REQUIREMENT: Exactly as written, set down each line of the data below except its pictures.

Short web captions

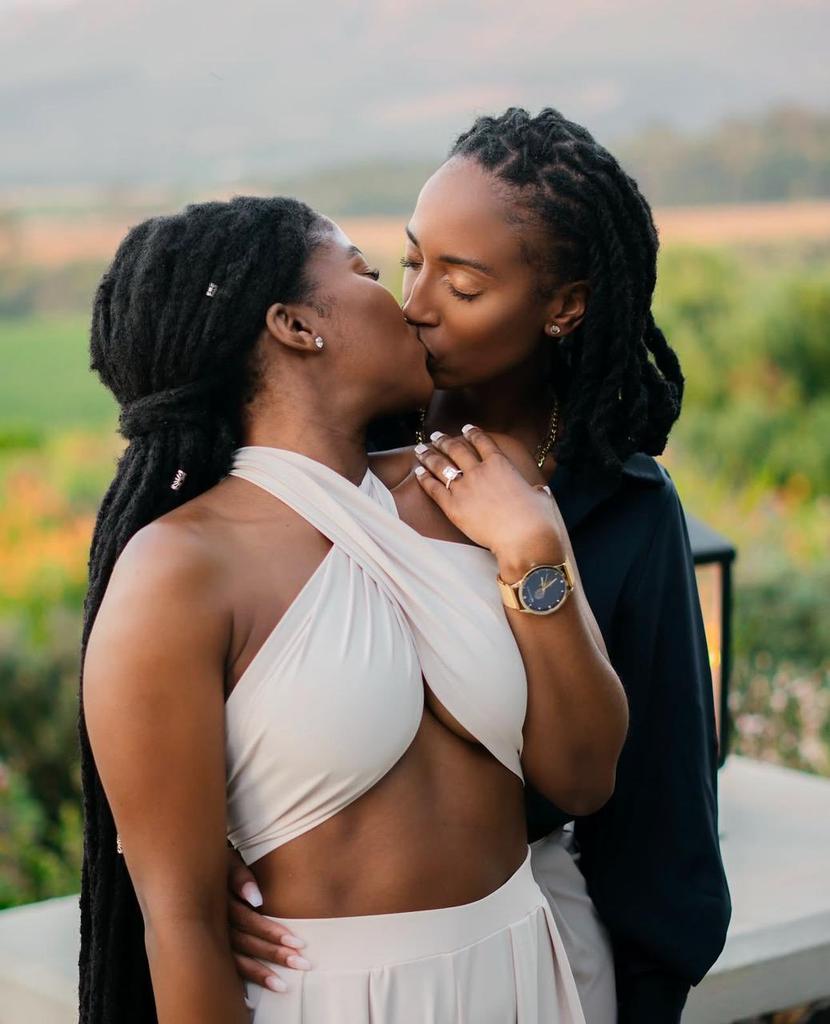 Hata wanaume wakiisha wote duniani 😂siwezi kuruhusu mwanamke mwenzangu anichungulie 🚮💔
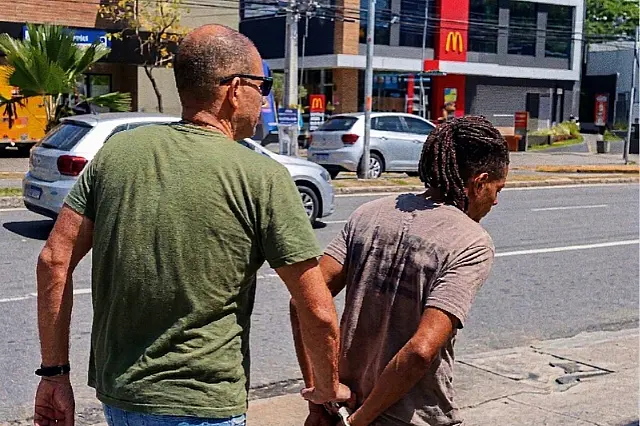 Polícia Civil prende homem em flagrante por importunação sexual em ônibus no Recife; agressor acumula histórico de abusos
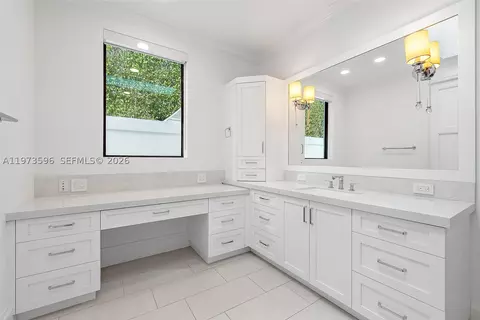 Bath - 108 Waters Edge Dr, Jupiter, FL 33477 photo 2 of 3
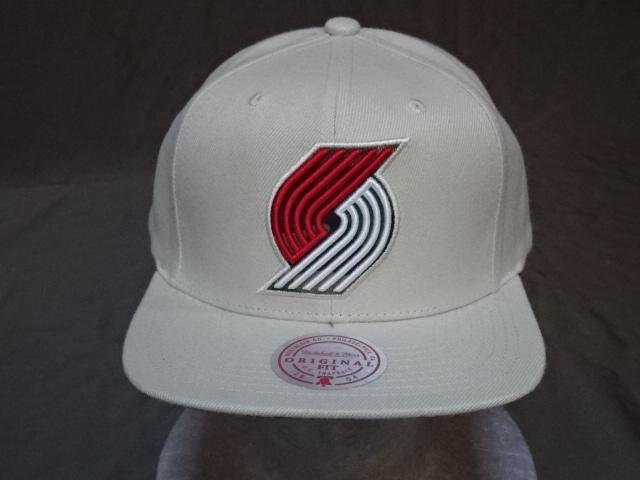 【Mitchell & Ness】 NBAブレイザーズ ツバ裏部分 迷彩柄 キャップ < 男性ファッション  【Mitchell & Ness】 NBAブレイザーズ ツバ裏部分 迷彩柄 キャップ  < 男性ファッションの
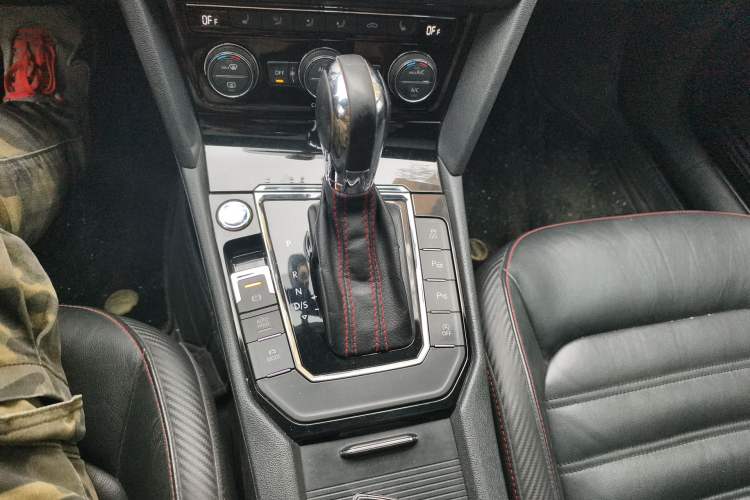 Used Volkswagen Lamando 2017 2.0T GTS Gear Lever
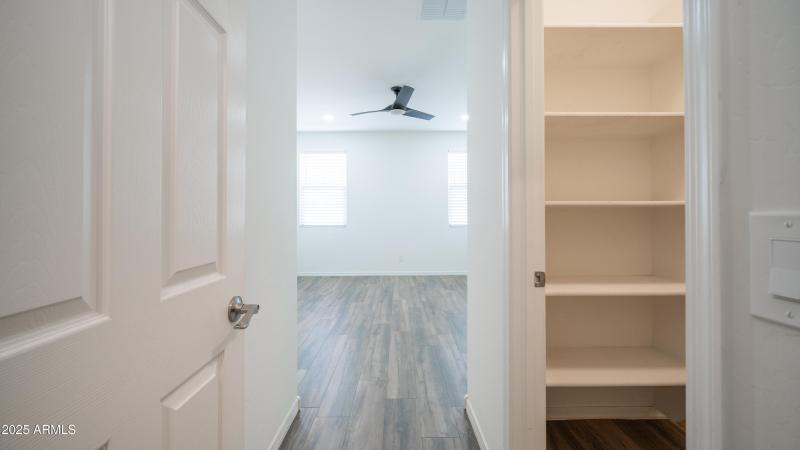 10872 W Marshall Ave-16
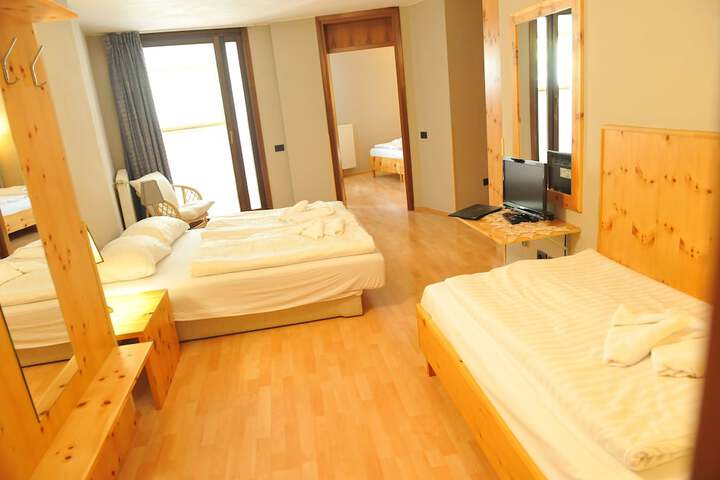 Room 20 of 101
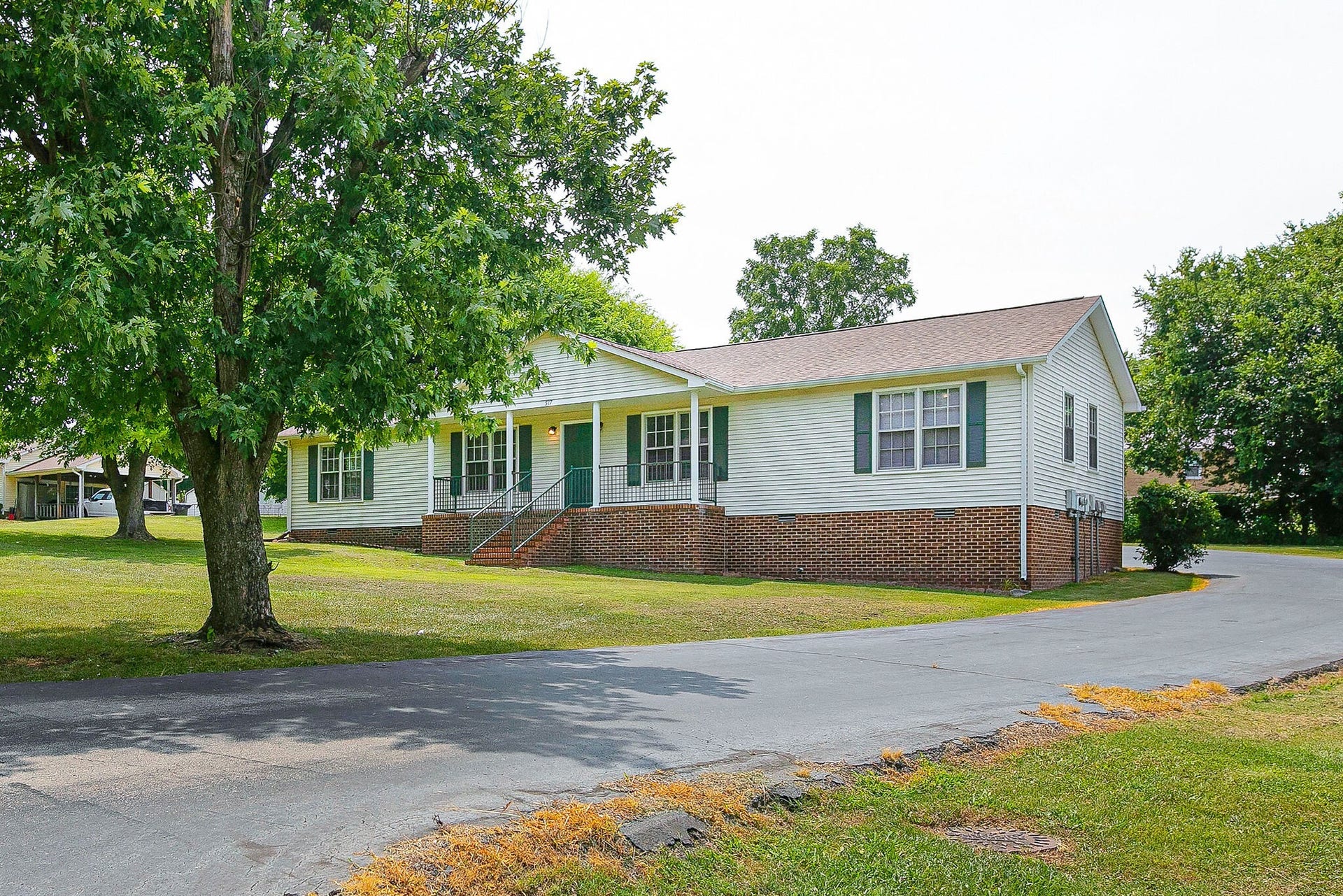 517 Woods Dr, Columbia, TN 38401 517 Woods Dr, Columbia, TN 38401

RESULT:
 Hata wanaume wakiisha wote duniani 😂siwezi kuruhusu mwanamke mwenzangu anichungulie 🚮💔
 Polícia Civil prende homem em flagrante por importunação sexual em ônibus no Recife; agressor acumula histórico de abusos
 Bath - 108 Waters Edge Dr, Jupiter, FL 33477 photo 2 of 3
 【Mitchell & Ness】 NBAブレイザーズ ツバ裏部分 迷彩柄 キャップ < 男性ファッション  【Mitchell & Ness】 NBAブレイザーズ ツバ裏部分 迷彩柄 キャップ  < 男性ファッションの
 Used Volkswagen Lamando 2017 2.0T GTS Gear Lever
 10872 W Marshall Ave-16
 Room 20 of 101
 517 Woods Dr, Columbia, TN 38401 517 Woods Dr, Columbia, TN 38401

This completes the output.